◆ **Exercise**:
Start at the first line of the material. Repeat each line exactly through the one containing "Cattle waiting in slaughterhouse holding pens", then stop.

◆ **Record set**:

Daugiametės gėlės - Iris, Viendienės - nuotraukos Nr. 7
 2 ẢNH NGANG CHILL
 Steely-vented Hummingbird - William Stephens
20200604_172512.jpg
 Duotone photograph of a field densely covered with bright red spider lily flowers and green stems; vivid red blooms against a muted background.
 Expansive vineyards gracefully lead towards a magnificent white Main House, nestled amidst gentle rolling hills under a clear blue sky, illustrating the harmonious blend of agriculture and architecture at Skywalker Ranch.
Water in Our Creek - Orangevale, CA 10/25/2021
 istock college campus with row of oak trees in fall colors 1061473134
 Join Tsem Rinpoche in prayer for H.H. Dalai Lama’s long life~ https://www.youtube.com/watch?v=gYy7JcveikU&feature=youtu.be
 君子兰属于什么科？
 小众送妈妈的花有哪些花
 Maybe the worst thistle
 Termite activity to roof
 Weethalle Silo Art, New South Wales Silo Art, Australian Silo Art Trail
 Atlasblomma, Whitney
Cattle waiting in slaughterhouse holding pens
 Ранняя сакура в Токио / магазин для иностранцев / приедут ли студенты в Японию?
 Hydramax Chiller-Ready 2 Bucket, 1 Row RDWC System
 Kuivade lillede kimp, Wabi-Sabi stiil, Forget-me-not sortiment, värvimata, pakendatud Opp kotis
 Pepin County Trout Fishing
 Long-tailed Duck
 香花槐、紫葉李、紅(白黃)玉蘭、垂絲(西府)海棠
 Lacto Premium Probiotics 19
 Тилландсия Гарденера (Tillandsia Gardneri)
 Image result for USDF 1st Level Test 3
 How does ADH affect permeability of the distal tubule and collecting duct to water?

◆ **Problem solution**:
Daugiametės gėlės - Iris, Viendienės - nuotraukos Nr. 7
 2 ẢNH NGANG CHILL
 Steely-vented Hummingbird - William Stephens
20200604_172512.jpg
 Duotone photograph of a field densely covered with bright red spider lily flowers and green stems; vivid red blooms against a muted background.
 Expansive vineyards gracefully lead towards a magnificent white Main House, nestled amidst gentle rolling hills under a clear blue sky, illustrating the harmonious blend of agriculture and architecture at Skywalker Ranch.
Water in Our Creek - Orangevale, CA 10/25/2021
 istock college campus with row of oak trees in fall colors 1061473134
 Join Tsem Rinpoche in prayer for H.H. Dalai Lama’s long life~ https://www.youtube.com/watch?v=gYy7JcveikU&feature=youtu.be
 君子兰属于什么科？
 小众送妈妈的花有哪些花
 Maybe the worst thistle
 Termite activity to roof
 Weethalle Silo Art, New South Wales Silo Art, Australian Silo Art Trail
 Atlasblomma, Whitney
Cattle waiting in slaughterhouse holding pens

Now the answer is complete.